With just a week remaining before the Iowa caucuses, the editorial board of the state's largest newspaper weighed in over the weekend with its sought-after endorsements.
Democrat Hillary Clinton and Republican Marco Rubio Saturday received the endorsement of the Des Moines Register, Iowa's biggest newspaper, just eight days ahead of the state's caucuses.
While endorsements are nearly always a positive development for the candidates who receives them, for Republicans, the Register's backing is tricky -- which is precisely why Donald Trump and Ted Cruz refused to meet with the editorial board and expressed no interest in receiving the endorsement.
Politico added, "Republican strategists and political observers predicted that unlike in previous years, a Register endorsement is an instant talking point for rivals, proof that the winners are aligned with a mainstream media outlet's moderate-to-liberal lean."
FiveThirtyEight noted that candidates endorsed by the Register have traditionally received about a three-point bounce in Iowa polling, but there's very little about this presidential cycle that's "traditional."
As for the paper's track record for backing caucus winners, recent history is ... mixed.
In 1988, the Register endorsed Bob Dole on the Republican side, who won the caucuses, while it backed Paul Simon, and he came in second.
In 1996, the paper again backed Dole, who won the caucuses again.

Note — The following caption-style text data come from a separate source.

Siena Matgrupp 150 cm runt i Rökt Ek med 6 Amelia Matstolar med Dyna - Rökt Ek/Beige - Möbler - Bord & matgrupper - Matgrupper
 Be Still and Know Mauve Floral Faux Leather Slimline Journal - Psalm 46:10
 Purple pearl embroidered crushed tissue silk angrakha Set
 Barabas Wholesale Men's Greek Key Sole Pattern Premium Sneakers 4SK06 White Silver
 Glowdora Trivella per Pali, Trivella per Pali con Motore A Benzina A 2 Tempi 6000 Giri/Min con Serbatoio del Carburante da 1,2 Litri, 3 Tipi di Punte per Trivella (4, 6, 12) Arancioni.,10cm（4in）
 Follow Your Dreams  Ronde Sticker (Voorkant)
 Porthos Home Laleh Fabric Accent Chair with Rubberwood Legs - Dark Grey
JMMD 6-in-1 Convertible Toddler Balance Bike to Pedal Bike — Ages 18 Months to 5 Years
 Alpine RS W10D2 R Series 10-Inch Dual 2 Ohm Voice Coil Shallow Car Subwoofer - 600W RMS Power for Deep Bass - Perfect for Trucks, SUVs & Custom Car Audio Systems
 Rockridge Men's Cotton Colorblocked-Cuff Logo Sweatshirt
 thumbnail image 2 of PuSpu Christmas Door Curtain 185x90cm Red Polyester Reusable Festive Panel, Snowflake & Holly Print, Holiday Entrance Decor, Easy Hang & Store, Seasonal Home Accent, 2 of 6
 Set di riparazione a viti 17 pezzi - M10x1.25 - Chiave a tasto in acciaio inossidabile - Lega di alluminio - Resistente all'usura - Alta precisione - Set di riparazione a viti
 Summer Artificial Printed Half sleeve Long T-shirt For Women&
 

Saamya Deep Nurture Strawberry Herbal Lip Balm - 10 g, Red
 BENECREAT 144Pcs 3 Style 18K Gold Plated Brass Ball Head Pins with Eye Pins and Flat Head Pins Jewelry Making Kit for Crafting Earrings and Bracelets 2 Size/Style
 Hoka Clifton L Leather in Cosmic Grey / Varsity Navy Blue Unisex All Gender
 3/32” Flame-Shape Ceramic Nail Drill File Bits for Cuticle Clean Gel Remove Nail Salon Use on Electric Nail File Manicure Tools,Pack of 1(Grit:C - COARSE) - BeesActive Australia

In 2000, the editorial board endorsed George W. Bush, who won the Republican caucuses, while it backed Bill Bradley in the Democratic caucuses, and he came in second.
In 2004, the Register backed John Edwards, who finished second.
In 2008, the paper endorsed John McCain, who finished fourth among Republicans, while it backed Hillary Clinton, who finished third among Democrats.
In 2012, the editorial board endorsed Mitt Romney, who finished second in the caucuses.
As for the substance of the editorials themselves, the piece backing Rubio noted his capacity for leading the party in a direction in which the GOP "could renounce its fealty to the economic elite and its fixation with tax cuts for the wealthy."
I've seen the media heap some odd praise on Rubio over the years, but this might be the strangest. The senator's entire economic plan is built on trickle-down economics, delivering a windfall to the economic elite in the form of tax breaks the country can't afford, as part of a plan with numbers that don't come close to adding up.
It seems the Register is supporting Rubio because of his platform -- which bears no real resemblance to his actual platform.